====== PROVIDED INFORMATION ======

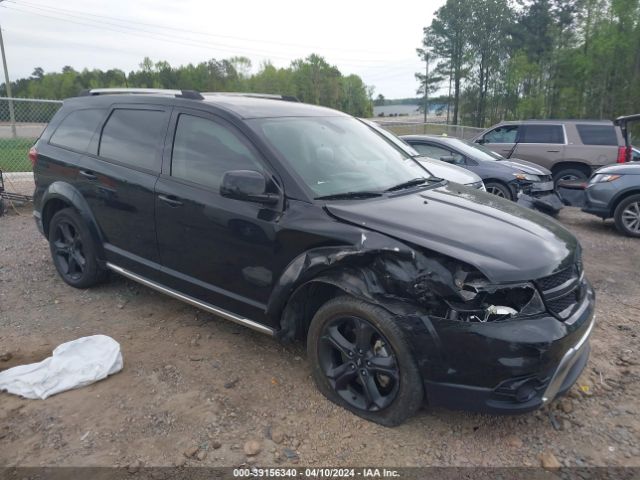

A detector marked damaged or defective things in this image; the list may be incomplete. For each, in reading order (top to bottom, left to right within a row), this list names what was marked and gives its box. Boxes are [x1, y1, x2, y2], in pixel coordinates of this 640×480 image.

crumpled hood [498, 159, 552, 176]
damaged black suv [32, 88, 596, 426]
crumpled hood [328, 183, 576, 282]
broken headlight [444, 278, 544, 322]
damaged front bumper [404, 280, 596, 414]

======

▶ _EXERCISE OBJECTIVE_
An exact copy of the entries above is required; pictures are not part of it.

▶ _THE ANSWER_
A detector marked damaged or defective things in this image; the list may be incomplete. For each, in reading order (top to bottom, left to right within a row), this list names what was marked and gives its box. Boxes are [x1, y1, x2, y2], in pixel coordinates of this 640×480 image.

crumpled hood [498, 159, 552, 176]
damaged black suv [32, 88, 596, 426]
crumpled hood [328, 183, 576, 282]
broken headlight [444, 278, 544, 322]
damaged front bumper [404, 280, 596, 414]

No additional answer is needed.